EU leaders pass on upping bloc’s 2030 climate target

Published 13:41 on March 18, 2016  /  Last updated at 13:41 on March 18, 2016  / Ben Garside /  EMEA, EU ETS

EU leaders have declined to revise the bloc’s 2030 climate and energy goals in the light of the Paris Agreement at this week’s Council summit, instead urging lawmakers to speed laws to ensure the bloc's existing goals are met.

EU leaders have declined to revise the bloc’s 2030 climate and energy goals in the light of the Paris Agreement at this week’s Council summit, instead urging lawmakers to speed laws to ensure the bloc’s existing goals are met.

After initial doubts over whether climate and energy issues would be discussed at all at the summit, the 28 leaders agreed some basic points as part of the two-day session, which was dominated by migration issues.

According to a Council statement released late Thursday, the leaders agreed text to “ratify the Paris Agreement as soon as possible”, while confirming that the EU is committed to its already-agreed 2030 target to cut emissions by at least 40% under 1990 levels.

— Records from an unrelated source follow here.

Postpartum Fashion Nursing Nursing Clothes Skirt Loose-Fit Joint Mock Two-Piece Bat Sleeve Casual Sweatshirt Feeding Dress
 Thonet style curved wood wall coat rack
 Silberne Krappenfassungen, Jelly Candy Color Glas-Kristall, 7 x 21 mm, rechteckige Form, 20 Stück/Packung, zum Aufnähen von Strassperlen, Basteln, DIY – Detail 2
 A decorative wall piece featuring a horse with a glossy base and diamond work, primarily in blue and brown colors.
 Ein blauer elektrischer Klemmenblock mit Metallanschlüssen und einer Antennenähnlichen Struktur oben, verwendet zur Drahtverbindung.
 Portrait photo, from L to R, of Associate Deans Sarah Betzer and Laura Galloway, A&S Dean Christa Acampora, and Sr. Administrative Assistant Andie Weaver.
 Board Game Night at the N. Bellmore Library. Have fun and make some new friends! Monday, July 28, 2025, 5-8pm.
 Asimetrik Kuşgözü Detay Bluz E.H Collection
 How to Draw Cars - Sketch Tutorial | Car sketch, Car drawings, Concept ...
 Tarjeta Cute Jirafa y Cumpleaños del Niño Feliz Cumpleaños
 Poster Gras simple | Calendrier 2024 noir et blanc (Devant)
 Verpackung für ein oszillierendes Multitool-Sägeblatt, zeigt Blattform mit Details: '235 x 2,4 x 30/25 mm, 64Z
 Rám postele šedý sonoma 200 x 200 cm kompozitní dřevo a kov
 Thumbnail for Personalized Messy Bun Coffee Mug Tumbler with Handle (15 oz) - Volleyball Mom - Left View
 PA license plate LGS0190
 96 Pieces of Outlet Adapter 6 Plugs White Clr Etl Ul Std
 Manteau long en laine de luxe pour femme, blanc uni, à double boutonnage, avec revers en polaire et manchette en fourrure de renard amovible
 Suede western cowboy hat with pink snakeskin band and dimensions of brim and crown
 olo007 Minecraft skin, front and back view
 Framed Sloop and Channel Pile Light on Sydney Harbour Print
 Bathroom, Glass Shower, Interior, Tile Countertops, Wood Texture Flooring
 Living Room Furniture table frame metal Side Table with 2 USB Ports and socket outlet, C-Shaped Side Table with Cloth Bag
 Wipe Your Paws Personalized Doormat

“Adapting the legislation in order to implement this framework remains a priority,” it added.

Read Carbon Pulse’s analysis on why EU leaders had been unlikely to budge on the 2030 goal

The full text on the Council’s conclusions on climate and energy:

The European Council welcomes the submission by the Commission of the package on energy security as well as of the Communication “Road from Paris”. It encourages the legislators to proceed with work on the proposals to reinforce the EU energy security as a matter of priority on the basis of its previous conclusions and the relevant strategies endorsed by the European Council. It also recalled the importance of a fully-functioning and interconnected energy market. Based on the Climate Communication, it underlines the EU’s commitment to reduce greenhouse gas emissions domestically and to increase the share of renewable energies and improve energy efficiency as agreed by the European Council in October 2014. Adapting the legislation in order to implement this framework remains a priority. The European Council invites the Commission to rapidly present all the remaining relevant proposals to this end so as to swiftly engage the legislative process. The European Council looks forward to the signature of the Paris Agreement in New York on 22 April and underlines the need for the European Union and its Member States to be able to ratify the Paris Agreement as soon as possible and on time so as to be Parties as of its entry into force.

FACTFILE

  • Environment ministers from Germany and several other EU states have called for the bloc to deepen the EU’s 2030 goals in response to the Paris Agreement, but plenty of their counterparts said the current targets were adequate.
  • Commission officials have been briefing lawmakers that the EU’s 2030 GHG target could not easily be altered to fit deeper global aspirations, despite being aware that its proposed reforms to the EU ETS won’t keep pace with current UN obligations regarding worldwide temperature limits.
  • A deeper overall EU target would drastically lower the emissions cap of the ETS, which regulates just under half of the bloc’s greenhouse gas output.